The dirt

Friday, April 22, 2011

Maybe I haven't been blogging much because I'm just unsure what the theme of this blog is. Do I talk about school, personal life, love life or what? Or all of them? Well I guess the latter is going to apply here. I'm not gonna talk about school. My mind and heart have been occupied with that almost the entire week - and that's an understatement. There are some things and stuff on my to-do list that are never ticked as done up until now. Some of them have been on the list for months. I don't know, I just don't have the time. And it scares me sometimes. *pfft* I seriously need to drop some routines in order to squeeze in beneficial ones. You know, like reciting the Holy Book. It's been a while. =/

And yet, here I am talking about school again. *sigh* Okay, here's a totally unrelated topic. My grief. When I broke up almost 8 months ago, naturally I did some googling - as most girls would in my situation, I'm sure. One of them was of course 'How to make your boyfriend fall in love with you again." Eeecchh. And of course while googling, I came across 'the grief'. Now there are five stages of grief, and those suffering loss will have to go through all five stages, regardless the order. Here are the stages (from memory) :

1. Anger
2. Denial
3. Depression
4. Bargaining
5. Acceptance

I've gone through them all - but uh - it wasn't always easy. I only had denial for a while. Depression, not so much. Well, I did cry a lot but maybe that was just sadness. Bargaining, only a tad bit. I bargained once, or twice, and that was it because he seemed so firm and final and sure. So, I knew better than to push further. And then anger. Anger came and went. One day, I'd be all okay, the next, I'd be all pissed and annoyed. I'll elaborate about this more. Finally, there's acceptance. I declared I was on this stage months ago, but I never thought I'd have to be off this stage first to fully embrace the concept of accepting. I mean - so long as I was still on this stage, I'd still be on the process of accepting, not accepting yet. Get the difference? And I was on this stage the longest! Right now, I'm not sure if I'm done with it or not.

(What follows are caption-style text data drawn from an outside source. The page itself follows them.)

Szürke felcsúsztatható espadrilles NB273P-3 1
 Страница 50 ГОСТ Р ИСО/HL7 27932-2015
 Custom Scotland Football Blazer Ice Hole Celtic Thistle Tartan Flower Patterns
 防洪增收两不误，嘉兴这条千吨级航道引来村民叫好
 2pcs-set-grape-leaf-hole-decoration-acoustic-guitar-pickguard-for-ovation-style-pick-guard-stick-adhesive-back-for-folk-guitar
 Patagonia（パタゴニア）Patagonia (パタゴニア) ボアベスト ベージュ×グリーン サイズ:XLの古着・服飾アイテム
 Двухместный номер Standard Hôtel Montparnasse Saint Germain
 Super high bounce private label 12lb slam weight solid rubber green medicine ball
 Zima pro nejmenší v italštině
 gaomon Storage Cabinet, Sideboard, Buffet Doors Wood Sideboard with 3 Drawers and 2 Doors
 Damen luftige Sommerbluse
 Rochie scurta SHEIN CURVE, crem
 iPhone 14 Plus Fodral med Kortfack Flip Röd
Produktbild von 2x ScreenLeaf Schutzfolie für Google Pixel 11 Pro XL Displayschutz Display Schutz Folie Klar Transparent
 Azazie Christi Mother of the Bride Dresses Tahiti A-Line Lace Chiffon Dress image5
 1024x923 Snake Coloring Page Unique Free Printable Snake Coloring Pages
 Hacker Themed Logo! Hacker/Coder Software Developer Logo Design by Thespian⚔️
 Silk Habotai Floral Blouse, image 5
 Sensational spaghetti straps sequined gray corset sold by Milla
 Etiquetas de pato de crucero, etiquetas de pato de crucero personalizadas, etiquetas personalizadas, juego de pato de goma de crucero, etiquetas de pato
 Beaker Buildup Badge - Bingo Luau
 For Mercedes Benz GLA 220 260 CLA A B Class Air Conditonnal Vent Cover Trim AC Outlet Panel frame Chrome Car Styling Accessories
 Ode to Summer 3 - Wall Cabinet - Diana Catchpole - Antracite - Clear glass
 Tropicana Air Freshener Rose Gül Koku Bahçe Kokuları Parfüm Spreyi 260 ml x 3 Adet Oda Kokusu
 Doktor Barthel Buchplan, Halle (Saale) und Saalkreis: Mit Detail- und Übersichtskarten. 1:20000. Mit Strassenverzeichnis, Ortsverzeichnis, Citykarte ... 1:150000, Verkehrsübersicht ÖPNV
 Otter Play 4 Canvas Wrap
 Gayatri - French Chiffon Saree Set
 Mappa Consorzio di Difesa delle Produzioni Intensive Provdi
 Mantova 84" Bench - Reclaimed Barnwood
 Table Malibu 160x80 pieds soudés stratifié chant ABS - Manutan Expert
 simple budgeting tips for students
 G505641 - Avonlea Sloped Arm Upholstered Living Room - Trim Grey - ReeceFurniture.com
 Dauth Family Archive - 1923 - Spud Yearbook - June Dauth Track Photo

I made myself believe I have accepted the fact that it's over, but at the same time I don't wanna move on. The love was still there. I was still having hopes, high hopes. Hopelessly hoping. I got distractions, but eventually they faded away and I'd be back to square one, like I knew I would. Now, realise that I've used the past form. I think I'm over him, but I wanna give it some time, just to be sure.

Two months after breakup, I kinda had a crush on someone. The fog was not lifted then, so most people reckoned - and correctly I may add - that it wouldn't last. Eventually my feelings would run out. And a friend was kinda astonished too, said, "you were with this guy for almost 8 years, and two months later you've begun to like someone else? How is that possible?" Well, they were right. It's not. It was just impulse. It would go with the blow of the wind. And yes, I was back to being hopelessly in love with him. What is this guy made of?? pfftt

My friends said I should be mad at him. Sometimes I am. But most of the times, I just missed him. Okay, so here's why I should be furious at him. Bear in mind, he is a good and decent guy, but I guess when it comes to girls, he's just a jerk. This is coming from an ex-girlfriend, so naturally it's going to be biased and one-sided. Please don't draw conclusions. =)

After a week or two from our breakup, he announced publicly on his Facebook profile that he was looking for a life partner. That sucked. It hurt me more than the breakup itself. It ripped me open to see that he was eager to move on from me. Not only that, some of his status updates were kinda misleading, and in the eyes of those not in the know, it would look like as if I was the one being ungrateful and empty, thus ending the relationship.

Sometimes I wondered, why would someone be so heartless? Fine, to stop loving a person can sometimes be unavoidable, but to show your happiness and gratitude without considering the one you just dumped, isn't that just cold? FISH cold.

Man, just writing about it, remembering it again - makes me wanna cry.

How could I go through all that? Because at that time, I was trying so hard to be positive. I don't believe anyone could be THAT heartless. Even jerks like him. I thought he must have done it because he thought it would be easier for me to move on when he was being mean. So that I wouldn't think of him again as someone noble and good. So maybe that was why he was doing it. To get me to move on.

Having that theory didn't help. Because I believed in it, thus believing that despite all that, he was still a good guy. pfffttt.